For dinner we thought we'd just go somewhere cheap and cheerful  - but perhaps we weren't really in the right place for either. Another average meal for considerable coin was had at a little Italian joint around the corner from the hotel. Ah well. The decor was worth it. Not even trying to be retro but somehow....
Day 8. Our final day in the land of Taz - saw us take another hairy drive through the rain to the Tamar Valley, dodging trucks and recklessly driving locals who were clearly used to the condition of the roads. And the weather.  Don't get me wrong - I love a rainy day but driving on less than fabulous roads with speed demons (available right across the island!) in utes, after you've  been been pushed off the road only days earlier - was not our idea of a good time but we wanted to make the most of things.
 An early stop off at Beaconsfield for a coffee and nibble at the popular Jubilee Bakery was not quite worth risking our lives for but better than you might have imagined. A happy little shop with a constant stream of locals. 
 Curiosity got the better of us and we decided to visit, what turned out to be the most bizarre Swiss village, 'Grindelwald' part of a Tamar Valley resort - we almost ran screaming from the joint...
Running out of places to go (no fun checking out wineries when the ex wine-maker driver can't taste) we started heading back towards Launceston's entrance way - just before which, we stumbled across Velo Wines and their cafe/restaurant The Barrel Room which had also been recommended.
 The place was pleasantly kitted out, with a view and friendly, onto it (for the most part) staff. The food was decent enough but I think we were so over eating out by that point, due to a distinct lack of fresh veg along the way (most small towns have only pies, fish and chips or burgers on offer and that is no exaggeration.... all expensive and mostly not great) that we weren't as appreciative as we might have been. 
With still a little free time before we headed to the airport for our evening flight we diverted our route to the charming historic town of Evandale and nearby Clarendon House.
The dead centre of town.. apologies - had to go there. 

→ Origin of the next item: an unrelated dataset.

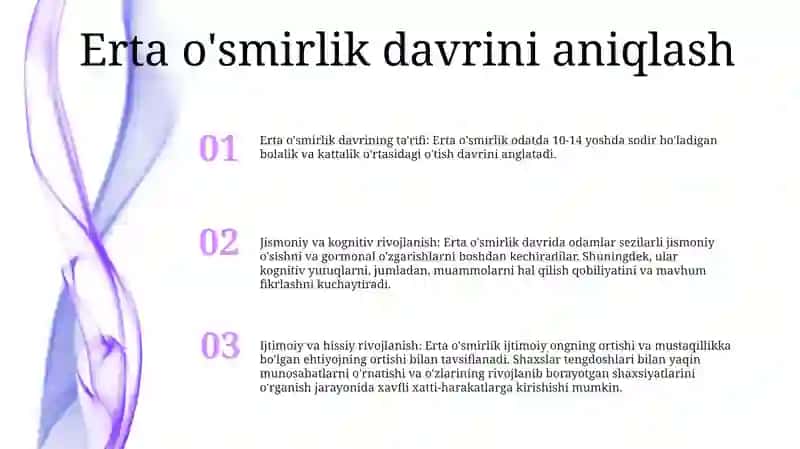 Ilk O'Smirinlik Darviga Umumiy Tavsifi 2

Now,  I believe if you are into hiking /camping there are some great places to do so around the state (sadly not really my thing but I have friends who LOVE Tassie for it!) - so I do apologise for not including such things here....  but it IS a bloody food blog isn't it? 

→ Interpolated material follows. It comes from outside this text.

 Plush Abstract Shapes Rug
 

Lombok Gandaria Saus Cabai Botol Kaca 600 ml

My thoughts ( as a tourist in Tassie and for what it is worth) is that she is incredibly beautiful and blessed with an abundance of natural assets. She has plenty to offer but if they focussed more on tourism there could be a lot more money injected into the place and that might help local communities to grow. It is, I suppose, possible that the problems in some parts of Tassie's infrastructure and or culture run too deep?  I know there are some people doing  great stuff in Tasmania to try and move things forward and get communities engaged and on their feet but there is a real sense of defeat across many parts too. 

And no, I haven't included some places we visited in this post.  It was absolutely not my intention to run the place down and I hope I haven't come across too negatively in parts - I wanted to share how stunningly gorgeous Tasmania is - and I know there is so much more I haven't seen! so please share with me your favourite spots and if you are a business owner and want to talk about what you are doing /offering visitors to your state please feel free to comment here.

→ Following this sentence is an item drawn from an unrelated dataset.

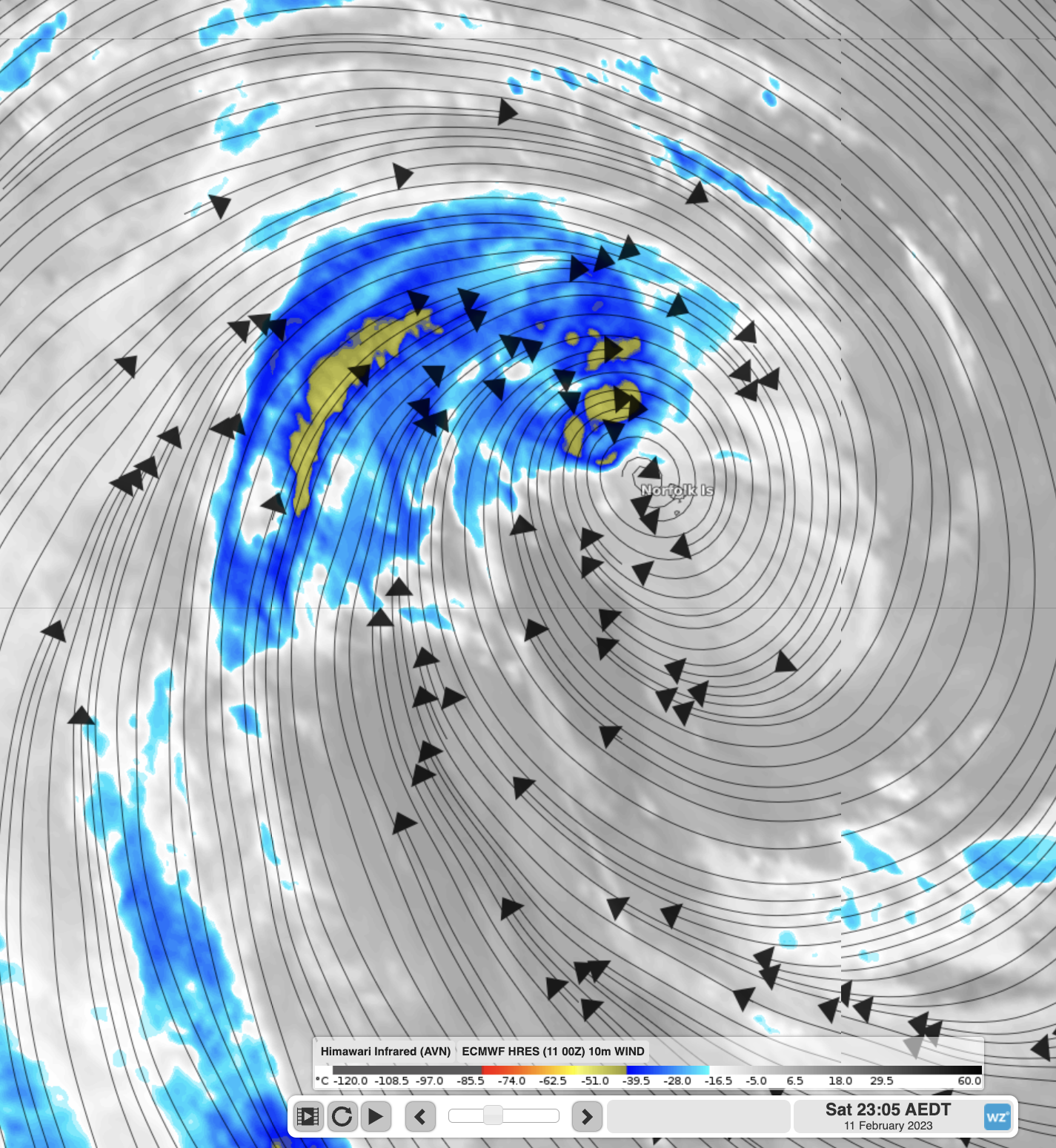 How the worst of TC Gabrielle missed Norfolk Island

After 8 days of driving from one end of the state to the other we were ready to head home. And after a 4 or 5 hour flight delay we made it. 

I will definitely be back, but perhaps next time for a quiet wintry break in a gorgeous house with a view of the ocean, sitting by the fire reading about the fascinating history and taking the odd day trip. A total relax session. Yep that's sounding pretty good right about now... a girl can dream.